The Prodigal Box
Delivered by the Rev. Rhonda J. Rubinson
March 31, 2019
Church of the Intercession, NYC
Text: Luke 15: 1 - 3, 11b - 32
In the name of God: Father, Son, and Holy Spirit. Amen.
Today’s gospel reading is the very familiar parable of the Prodigal Son.
We are accustomed to hearing this story preached from the Prodigal’s point of view, so we learn what he learns, which can be summed up in the following few points:
Don’t be greedy for what’s promised to you before the right time (his father is still alive, so he doesn’t deserve his inheritance yet);
don’t squander your resources no matter how great (anyone can fall into poverty);
loose living may taste sweet at first, but has a bitter aftertaste;
people who are friends with you because you have money will flee from you once the money’s gone;
desperation may very well drive you back into the arms of the family you were trying to escape;
repentance precedes restoration, and
God (the father in the story) is waiting with open arms for you to return to the fold, no matter how far you’ve strayed.
That’s my “Cliff Notes” summary of the Prodigal Son. All of those are all worthy lessons to be considered during Lent, but there is more here. If we consider the older brother, who is furious and jealous of his younger sibling after his return, we see that this brother makes himself into the new Prodigal by cutting himself off from his family – including his loving, merciful father – when he refuses to enter into the joyous celebration to welcome back his brother.
Another good lesson, but I’d like to dig deeper into the older brother’s soul, because he has a problem that every one of us shares to a different degree, a problem that is worth delving into because it can harm us and others very deeply: the older brother has put his younger sibling into a box. He refuses to acknowledge that his younger brother has learned from his mistakes, has grown into another, better person, so he is now no longer the obnoxious brat that ran off with his inheritance and blew it to bits. As far as the older brother is concerned, the Prodigal Son is still and will forever be the Prodigal Son, a life sentence with no chance of parole. And the older brother ruins his own life while trying to keep his brother in the box of his past.
All of us have done this to others: near relations, current and former friends and partners, colleagues, even public figures who we don’t really know but believe we do because we believe both the images that they have carefully cultivated and the dirt that has been dredged up about them.

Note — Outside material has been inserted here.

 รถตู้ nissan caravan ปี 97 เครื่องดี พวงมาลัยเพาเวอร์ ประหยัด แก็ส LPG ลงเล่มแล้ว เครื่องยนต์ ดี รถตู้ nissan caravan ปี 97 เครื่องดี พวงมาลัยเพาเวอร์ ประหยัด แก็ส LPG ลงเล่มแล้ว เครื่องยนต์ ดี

This is a particularly virulent problem today because of the internet and social media: if you make a dumb post as a teenager on Facebook, it can come back to haunt you forever. Decades from now as people can do to you just what the older brother did to his sibling: attempt to define you forever on the basis of who you were at that stage of your life.
Now this may seem like a new phenomenon, but it’s not – people have been locking other people into lifelong boxes forever, and it doesn’t even have to be for bad behavior. Jesus had it happen to him: people who knew him back when he was young refuse to see him as the new Jesus once he is baptized by John.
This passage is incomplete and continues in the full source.